After a year of work, the first phase of the PLM system was completed successfully. “The implementation requires us to think about how to improve the processes and to re-engineer them,” says Arza.
Alfredo Ruiz adds, “The PLM system allows us to measure things, and all things you can measure are things you can improve. With PLM, we have no duplicate data, just unique data. Thanks to the integration of PLM with ERP we can enjoy highly arranged processes.” Ruiz continues, “Thanks to Teamcenter, ITP is improving its communication skills and effectiveness. The PLM system allows different areas to give their points of view. Therefore, when the product gets to manufacturing, this process is much faster, the time-to-market is reduced and the global process is more efficient.”

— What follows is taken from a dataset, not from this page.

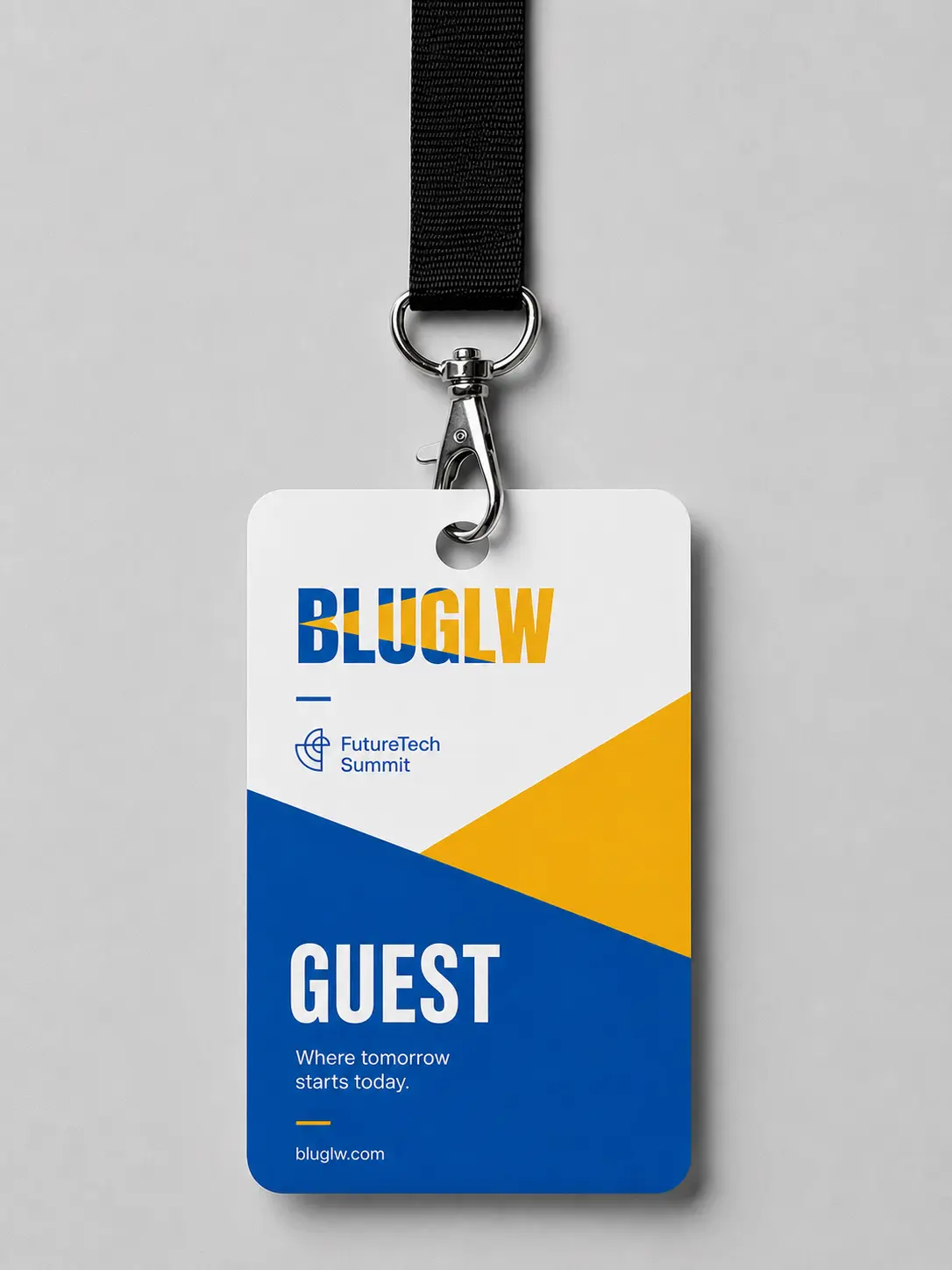 BLUGLW branded event guest lanyard and access pass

Gontzal Ruiz notes, “With PLM, we improve the quality of the products because we have full traceability on the system processes. It also forces us to review the flow of our processes to make them more agile so as to gain a competitive edge.”
After this first stage, the collaboration between ITP and Siemens is focused on expanding the use of Teamcenter to the engineering and assembly areas. In the future, Teamcenter will also be implemented at the company’s subsidiaries in Mexico and the United Kingdom.
“Change management involves many people,” says Olabarria. “The big challenge of implementing Teamcenter is to integrate and train everyone involved.”
Mataix considers the adoption of a corporate PLM solution as a strategic project for the company: “We are in the first phase of the exercise and we are pleased with the results. But we still have a long path in front of us. Teamcenter is at the core of the business because it complements our products. We are expecting that results may be better than we initially expected.”
Ulizar summarizes the positive outlook for ITP in relation to the technological partnership with Siemens Digital Industries Software: “When adopting a key tool like Teamcenter, the relationship with Siemens Digital Industries Software becomes absolutely strategic. On one hand, we hope to be able to transmit our needs to Siemens Digital Industries Software. In exchange, we expect them to be able to understand these needs and bring on the best solutions. We know Siemens is able to gather experiences from other industries to give us more added value regarding what we are looking for in terms of quality, integration, uniqueness of data and process improvements. We are talking here about a relationship likely to last a few years, if not decades.”